La République de Seine-et-Marne (Édition A-B)
L’Opéra Carmen 2.1 : un uppercut COMBS-LA-VILLE. contre les violences faites aux femmes
Le samedi 30 septembre et le dimanche 1er octobre, la Coupole, à Combs-la-Ville, accueille la troupe de Carmen 2.1, un spectacle adapté de l’Opéra de Georges Bizet. À la mise en scène : Sasha Verner. Interview.
Comment avez-vous modernisé l’opéra de Georges Bizet ?
La partition originale est respectée mais j’ai demandé au compositeur argentin Fernando Fiszbein de produire des arrangements qui « sonnent différemment ». Nous avons donc rajouté un clavier électronique, un bandonéon, etc. Il a su saisir la touche latine dans la musique de Georges Bizet.
Pourquoi, selon vous, encore aujourd’hui, une femme qui, comme Carmen, assume ses désirs n’est-elle pas considérée comme une femme bien ?
Tout simplement parce que l’idée continue de se propager sans que personne n’y trouve à redire. Les femmes elles-mêmes sont d’ailleurs très coupables. Dans un groupe d’amies, il est fréquent qu’une femme, parce qu’elle s’est habillée de façon sexy, soit encore jugée comme provocante. Les femmes laissent se véhiculer ce genre de réflexions.
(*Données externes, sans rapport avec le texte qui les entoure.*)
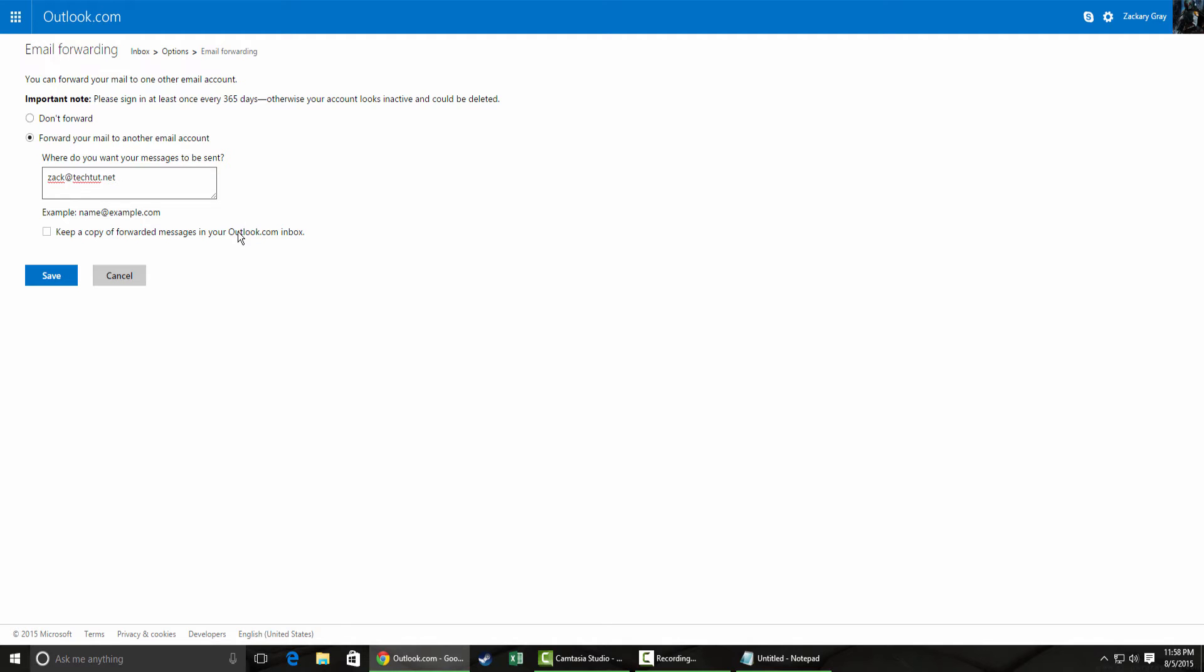This is a pretty interesting setting: 'Keep a copy of forwarded messages in your Outlook.com inbox.' All of the email providers we're covering today actually have something similar. All this setting really does is it tells your email provider whether it should send the email to your new address and delete it from Outlook.com or Yahoo, or if it should keep a copy in your inbox and mark it as read.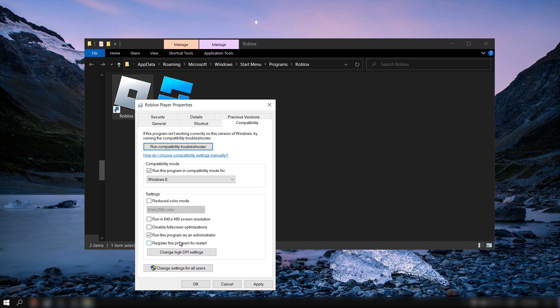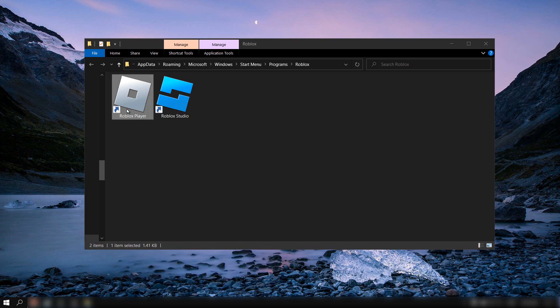As I said, run this program as administrator, apply and OK. Now when you click on Roblox, Roblox will start to install and will get updated.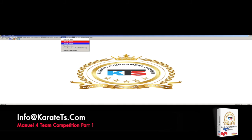So let's start with the Team Kumite scoreboard and electronic system. We will be dividing this video in two parts, like we did with the three-team video.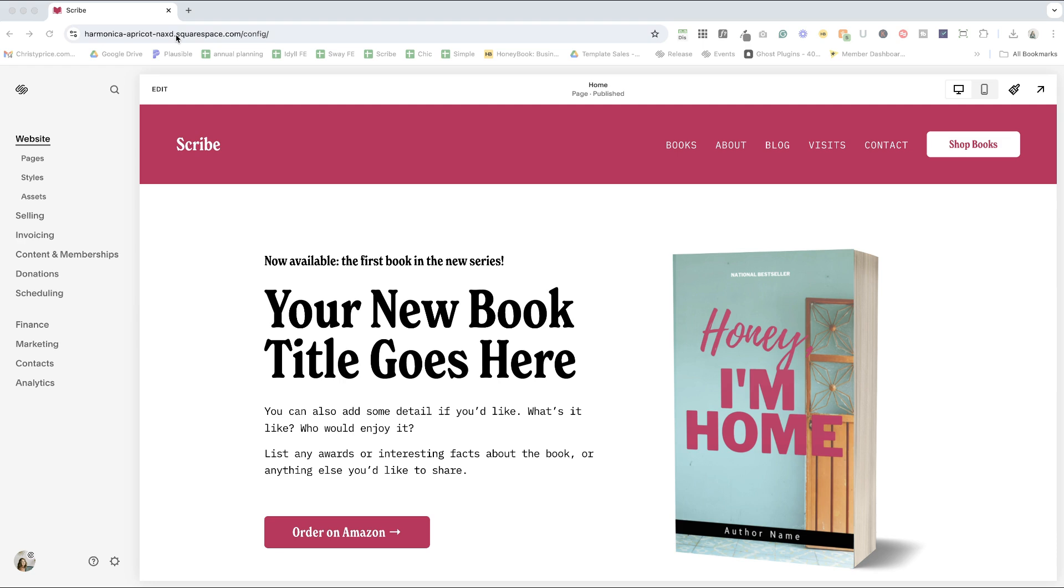So what I like to do is give my primary website that I'm working on a name, something other than the Harmonica Apricot. And you can also do this if you're a web designer and just name the built in domain something that makes sense for that particular client.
Vous êtes vous-mêmes, une ancienne victime de violences conjugales. Ce spectacle est-il une thérapie ?
Effectivement. J’ai subi des violences de l’âge de 19 ans à 21 ans mais ma phase de reconstruction est récente. Il y a trois ans, j’ai compris que je m’étais attribué un rêve qui n’était pas le mien. Celui de devenir chanteuse. Alors, qu’en fait, depuis petite, je veux monter des spectacles. C’est à ce moment-là que j’ai décidé de réaliser Carmen 2.1. Je me suis découverte en tant que personne sur le tard. Car avant les violences conjugales, il y a eu les violences familiales. Je n’ai jamais connu autre chose et j’ai dû me construire sur ça. Et, à un moment, j’ai décidé de m’en sortir. Ça donne Carmen 2.1 aujourd’hui car j’ai toujours considéré que l’art était un moyen de dire des choses. Et pas seulement de transmettre une émotion.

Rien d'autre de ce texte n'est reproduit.